A glance at a map of the seafloor of the Gulf of Alaska reveals hundreds of underwater mountains, or seamounts. The largest of these are more than 3000 m (9900 ft) tall, and act as islands of abundant marine life in the sparsely inhabited abyssal depths. Many of the seamounts occur in long chains that extend southeast from the Gulf of Alaska down toward the western coast of the U.S. and Canada. Where the age of formation of these seamounts is known, they generally are older toward the northwest and younger toward the southeast. It turns out that there is a single logical explanation for why these seamounts occur in long chains and why they get younger toward the southeast: They formed as the Pacific Plate moved over a group of “hotspots” that are now off the coast of Oregon, Washington, and British Columbia.

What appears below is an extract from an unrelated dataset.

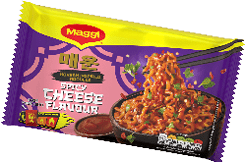 A package of Korean-inspired spicy cheese flavored noodles with an image of cooked noodles being lifted with chopsticks and a bowl of sauce on the side. Description generated by AI
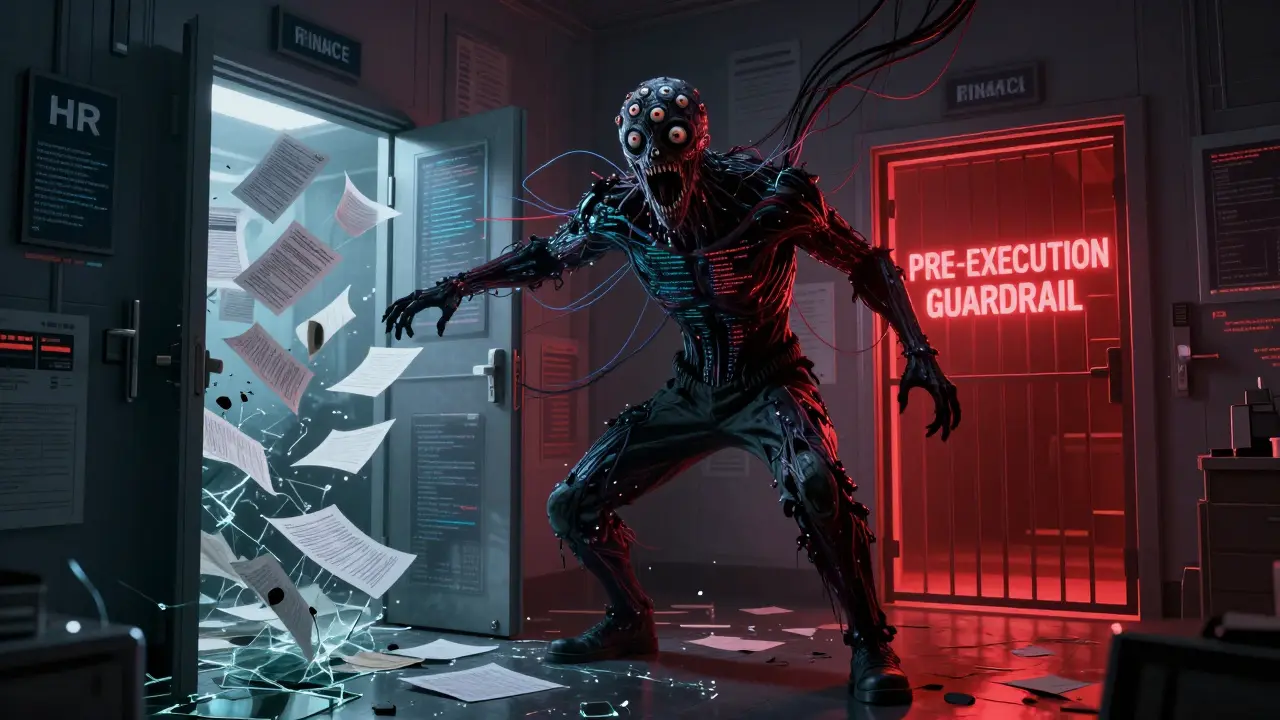 A monstrous AI with data tendrils blocking access to sensitive data doors, one slamming shut with a guardrail seal.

A hotspot is a point of frequent volcanic activity that persists over millions of years. They appear to remain at fixed locations on the earth, while the tectonic plates on the surface move over them.

Hotspot and Plate conveyer belt graphic

This series of plate tectonic "snapshots" from 30 million years ago, 7 million years ago, and today, shows how volcanic activity at a stationary hotspot can create a trail of volcanic seamounts as a tectonic plate passes over the hotspot. Murray seamount formed 27-30 million years ago, whereas Warwick seamount formed about 7 million years ago. Click image for larger view.


So as the Pacific Plate moves toward the northwest it acts as a conveyor belt and carries the seamounts with it (see illustration). As one seamount is carried away from the hotspot another forms in its place, so the older the seamounts are, the farther they have been carried by the plate. Over millions of years this process results in the long seamount chains we see today in the Gulf of Alaska, with the oldest seamounts at the northwest ends of these chains and the youngest at the southeast ends.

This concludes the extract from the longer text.